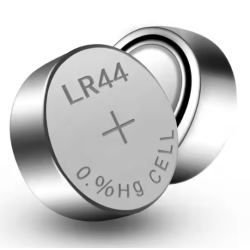 LR44 Battery: Specifications, Voltage, Equivalents and Alternatives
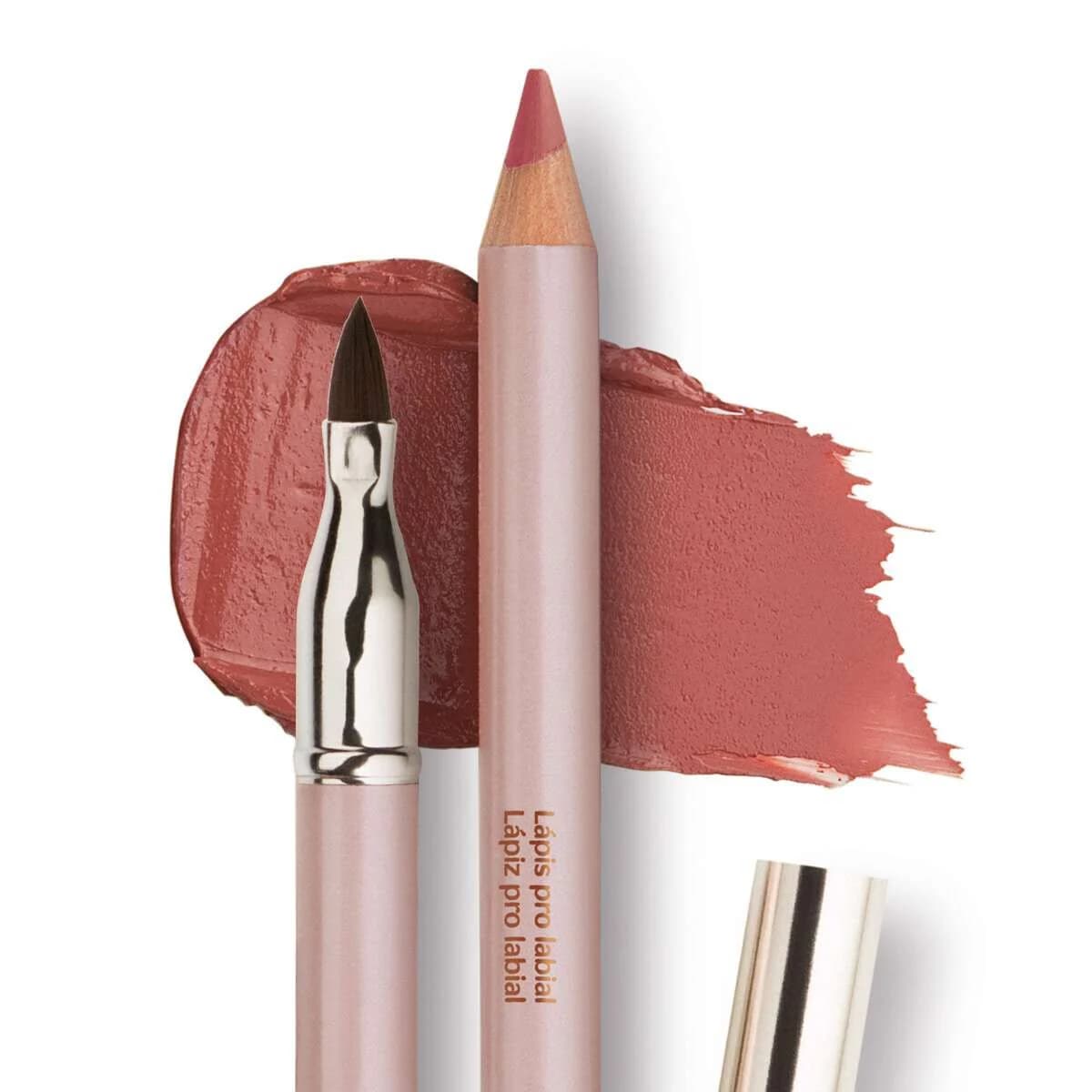 Lápis PRO Labial Una — foto 1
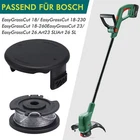 Bild 11 von 18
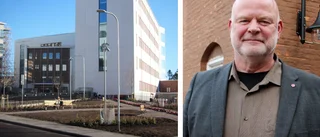 Politiker: "Olyckligt att det har dragit ut på tiden"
########
Exercise objective:
Would you return the whole listing exactly, without the pictures?

Exercise answer:
 LR44 Battery: Specifications, Voltage, Equivalents and Alternatives
 Lápis PRO Labial Una — foto 1
 Bild 11 von 18
 Politiker: "Olyckligt att det har dragit ut på tiden"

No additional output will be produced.